Is there a way to keep your child healthy at daycare, where one bug seems to take out the whole roll? Naturopaths Natasha Berman and Asti Renaut share some great suggestions to boost your child's immunity.
Have you ever walked into a daycare or early childhood centre and been met with a cacophony of chesty coughs or an unseemly spread of streaming noses? Keeping kids well in daycare can be a constant battle for some parents, as their children are exposed to so many bugs, and even kids who have a hard time sharing don't seem quite so possessive about their germs! Children in these environments are certainly vulnerable to illness, but still, some kids get sick and some don't - why is this? Well, there's a genetic component for sure, but there's also a whole lot you can do to keep your kids robust, vibrant, and healthy at daycare. The absolute basics are good nutrition, adequate sleep, and lack of stress.

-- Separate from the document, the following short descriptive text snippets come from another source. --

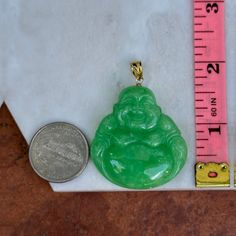 Estate/ vintage 14KT yellow gold genuine, carved green Jade Buddha pendant. Beautiful, shaped, vibrant green jade that is marbled like color. Pendant measures: 40mm x 38mm not including bail Bail inside approx. 8mm x 4mm; tapers Classic Chinese buddha carving on Jade Excellent estate condition Dyed green genuine jade Weight: 23.10 grams Stamped 14k inside bail Chain not included Also in other colors- listed separately! Engraved Jade Pendant Jewelry, Green Carved Round Pendant Jewelry, Green Jade Jewelry With Large Pendant, Buddha Jade Necklace, Chinese Buddha, Jade Buddha, Collectible Jade Pendant Jewelry, Ancient Hand Carved Light Green Jade Large Pendant Necklace, Carved Jade Pendant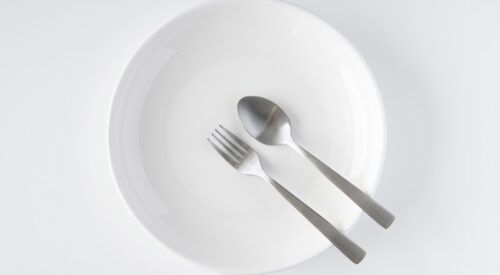 a plate with a fork and spoon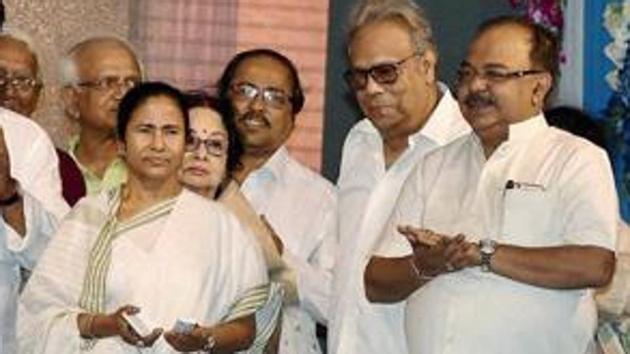 West Bengal Chief Minister Mamata Banerjee with Sovan Chatterjee (right) (PTI File Photo) West Bengal Chief Minister Mamata Banerjee with Sovan Chatterjee (right) (PTI File Photo)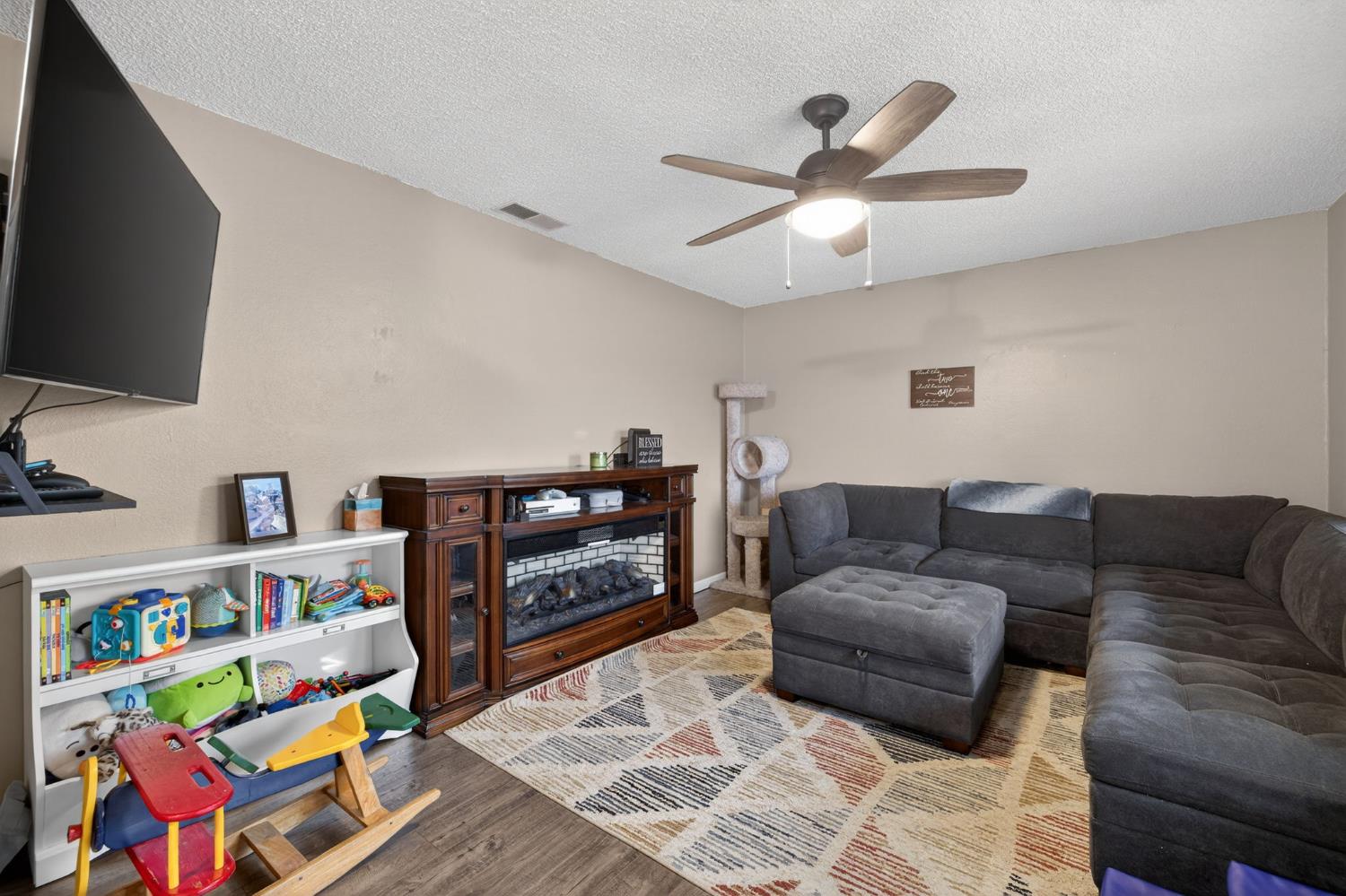 6816 Tareyton Way Citrus Heights, CA 95621 - Photo 7 of 46 a living room with furniture and a flat screen tv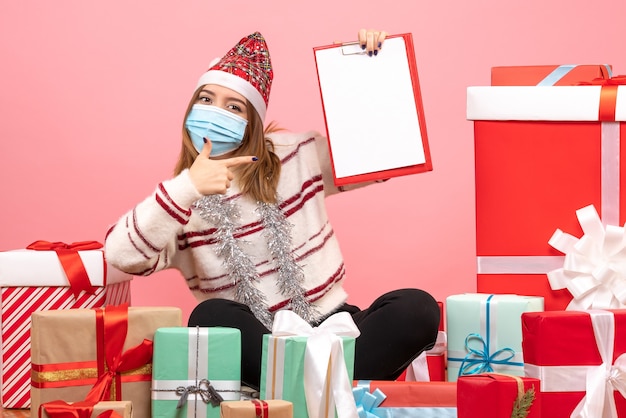 Free photo front view young female sitting around presents with file note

Nutrition provides our building blocks. We truly are what we eat. It doesn't take an expert to devise a good diet; we know both instinctively and from a multitude of media what is good for us and our children. Fresh is best, always. Where possible, start food from scratch and avoid pre-packaged foods. Read labels and try to avoid added sugars, artificial sweeteners, preservatives, and flavourings. Vegetables are the kings and queens, fruits are gifts from God. Good proteins (fish, egg, lean red meat, legumes) are essential for growth and immune function. Whole-grains are so much better than their pale, refined cousins. And as for sugar, the goal is reduction - especially when your child is sick. Sugar and dairy foods are mucous-forming, so aim to reduce or eliminate when your child is unwell. Naturally sweet options include:
Molasses and maple syrup (pure) have higher nutrient levels (calcium, iron) than other sources of sweetness. Agave syrup is also delicious.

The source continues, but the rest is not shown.